YOUR INSTRUCTIONS -
As output, give the exact lines from the one containing "Ducati Monster 750" through the end of the listing below, both included, without the pictures.
--- THE DATA ---
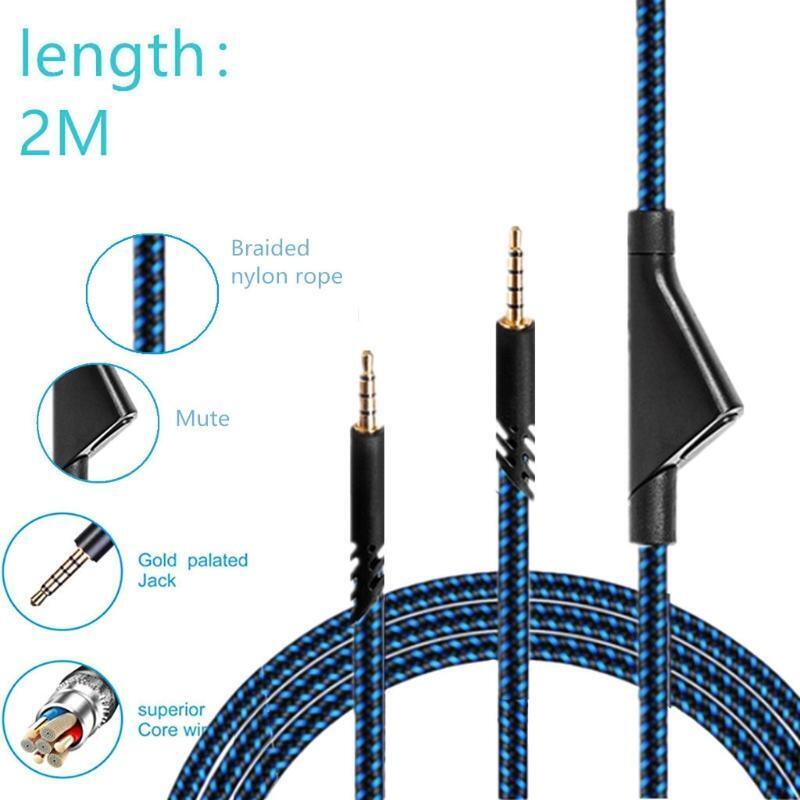 Blue Audio Earphone Cable for -Logitech Astro A10 A40 A30 Gaming Headset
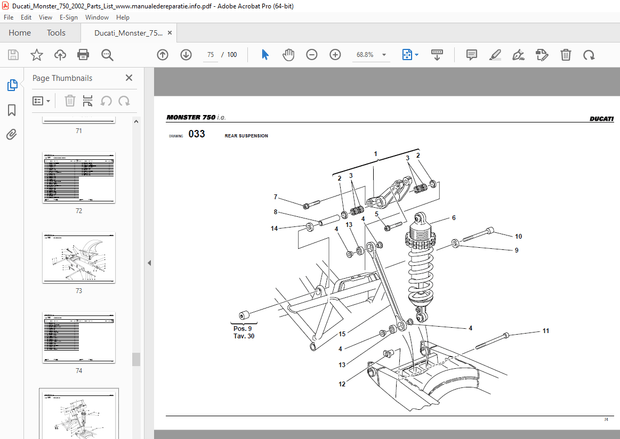 Ducati Monster 750 2002 Parts Manual PN 91510551E - PDF DOWNLOAD 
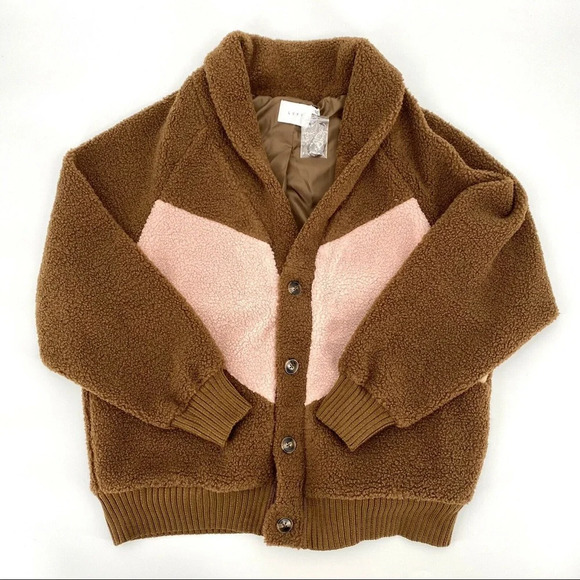 Lush Colorblock Teddy Coat Brown Pink - Picture 2 of 2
---
RESPONSE TO THE EXERCISE -
 Ducati Monster 750 2002 Parts Manual PN 91510551E - PDF DOWNLOAD 
 Lush Colorblock Teddy Coat Brown Pink - Picture 2 of 2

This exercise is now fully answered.